The Salzburg Festival, one of the world's most exclusive music fests, opens Saturday, with ticket sales down so far this year as a result of the global economic crisis.

Salzburg, which runs from July 25 until August 30, takes place almost concurrently with another top summertime festival in Bayreuth, Germany, three-and-a-half hours up the road, which runs from July 25 until August 28.

And many in the select audience -- Salzburg's tickets are among the priciest in Europe but Bayreuth's are the hardest to come by -- commute between the two, driving their cars along the 380-kilometre (238-mile) road through snow-capped mountains, brooding forests and hill-top castles.

Given the weakness of the dollar and the pound, however, there are likely to be fewer US and British visitors, Salzburg's business director Gerbert Schwaighofer said.

A week before the curtain was due to go up, corporate ticket sales were down 11 percent from last year and overall sales down five percent.

While Bayreuth is dedicated exclusively to the works of its founder, composer Richard Wagner (1813-1883), Salzburg offers a wide mix of opera, concerts and drama.

Artistic director Juergen Flimm, who is stepping down in 2011 to be succeeded by Zurich Opera chief Alexander Pereira, comes up with a new motto every year.

This year's is "The Game of the Mighty" and will feature new productions of Handel's "Theodora", Mozart's "Cosi fan Tutte", Rossini's "Moise et Pharaon" and a 20th century work, "Al gran sole carico d'amore" by Luigi Nono (1924-1990).

There will also be concert performances of Beethoven's only opera "Fidelio" under Daniel Barenboim and his West-Eastern Divan Orchestra and revivals of Mozart's "Le nozze di Figaro" and Haydn's "Armida".
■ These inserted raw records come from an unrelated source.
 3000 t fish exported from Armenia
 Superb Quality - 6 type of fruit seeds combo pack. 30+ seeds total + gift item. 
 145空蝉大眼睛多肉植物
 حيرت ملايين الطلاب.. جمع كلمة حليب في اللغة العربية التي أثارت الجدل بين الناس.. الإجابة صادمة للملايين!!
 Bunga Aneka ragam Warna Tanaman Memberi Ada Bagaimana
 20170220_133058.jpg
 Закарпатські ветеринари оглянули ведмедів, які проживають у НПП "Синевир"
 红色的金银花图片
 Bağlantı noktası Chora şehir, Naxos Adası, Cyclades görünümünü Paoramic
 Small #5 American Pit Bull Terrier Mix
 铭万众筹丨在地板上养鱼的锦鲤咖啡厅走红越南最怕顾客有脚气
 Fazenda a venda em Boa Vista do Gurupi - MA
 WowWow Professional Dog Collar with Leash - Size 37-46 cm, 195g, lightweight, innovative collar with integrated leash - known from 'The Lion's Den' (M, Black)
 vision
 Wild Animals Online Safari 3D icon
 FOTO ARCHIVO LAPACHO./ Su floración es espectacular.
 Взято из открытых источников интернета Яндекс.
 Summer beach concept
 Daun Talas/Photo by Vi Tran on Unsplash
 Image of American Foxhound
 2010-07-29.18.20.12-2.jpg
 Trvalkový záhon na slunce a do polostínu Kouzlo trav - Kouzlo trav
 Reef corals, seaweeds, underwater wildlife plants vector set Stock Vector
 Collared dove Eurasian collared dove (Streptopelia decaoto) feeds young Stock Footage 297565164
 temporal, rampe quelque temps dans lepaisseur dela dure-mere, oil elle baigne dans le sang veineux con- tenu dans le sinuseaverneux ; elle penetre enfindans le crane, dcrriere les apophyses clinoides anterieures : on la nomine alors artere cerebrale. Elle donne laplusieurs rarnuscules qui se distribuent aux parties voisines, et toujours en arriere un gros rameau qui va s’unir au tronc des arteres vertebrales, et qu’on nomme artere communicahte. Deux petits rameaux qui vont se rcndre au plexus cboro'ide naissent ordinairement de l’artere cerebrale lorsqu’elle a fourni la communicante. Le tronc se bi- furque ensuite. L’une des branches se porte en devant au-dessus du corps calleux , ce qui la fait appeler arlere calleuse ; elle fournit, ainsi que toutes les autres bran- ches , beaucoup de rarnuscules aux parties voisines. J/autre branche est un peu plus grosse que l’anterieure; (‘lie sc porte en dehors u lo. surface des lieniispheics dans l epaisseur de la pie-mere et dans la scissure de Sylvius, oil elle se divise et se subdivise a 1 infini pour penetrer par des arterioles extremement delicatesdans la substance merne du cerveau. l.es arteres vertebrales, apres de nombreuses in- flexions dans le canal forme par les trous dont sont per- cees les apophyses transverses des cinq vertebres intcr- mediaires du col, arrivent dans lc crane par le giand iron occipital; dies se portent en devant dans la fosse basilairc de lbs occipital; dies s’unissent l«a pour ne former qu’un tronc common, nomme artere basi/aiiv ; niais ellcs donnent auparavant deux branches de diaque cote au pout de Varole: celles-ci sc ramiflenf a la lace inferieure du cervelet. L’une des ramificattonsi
Theatre buffs can relish in Anton Chekhov's "The Seagull", Samuel Beckett's "Krapp's Last Tape", Peter Handke's "Until Day Do You Part or A Question of Light", Friedrich Hebbel's "Judith", a stage adaptations of Dostoevsky's "Crime and Punishment" and, of course, Hugo von Hofmannsthal's "Everyman", the morality play performed every year since the Salzburg Festival was founded by von Hofmannsthal, Richard Strauss and Max Reinhardt in 1920.

Concerts range from song recitals and chamber concerts to sold-out performances of those two great rival orchestras, the Berlin and Vienna Philharmonics, plus guest appearances by the West-Eastern Divan Orchestra, Les Musiciens du Louvre-Grenoble, the London Symphony Orchestra, and the Royal Concertgebouw.

Russian superstar soprano Anna Netrebko, who was absent last year due to pregnancy, is returning this year to give a rare solo recital.

Her regular co-star, Mexican tenor Rolando Villazon, on the other hand, has cancelled. But ticket-holders will be able to delight in the vocal fireworks of US mezzo Joyce DiDonato instead.

Handel's "Theodora", in a new production by Christof Loy, stars German soprano Christine Schaefer, Argentinian mezzo Bernarda Fink and US countertenor Bejun Mehta.

The cast for Mozart's "Cosi", directed by Claus Guth, includes French coloratura soprano Patricia Petibon.

And German mezzo Waltraud Meier, New Zealand tenor Simon O'Neill and veteran British baritone John Tomlinson head the cast of Beethoven's "Fidelio".

Among the concerts will be solo evenings by some of the world's greatest pianists, including Martha Argerich, Evgeny Kissin, Grigory Sokolov, Lang Lang and Maurizio Pollini.

There will also be song recitals by Matthias Goerne, Magdalena Kozena, Thomas Quasthoff, Juan Diego Florez and Jonas Kaufmann.

And Estonian conductor Paavo Jarvi will conduct the Deutsche Kammerphilharmonie Bremen in all nine Beethoven symphonies.

In all, there will be a total 186 performances at 14 different venues during the month-long festival.

Tickets prices range from as little as five euros to 370 euros (520 dollars) for the best seats.

In addition to the resignation of artistic director Flimm, the festival's concert chief, Markus Hinterhaeuser, has also decided to quit after 2011, organisers announced last week.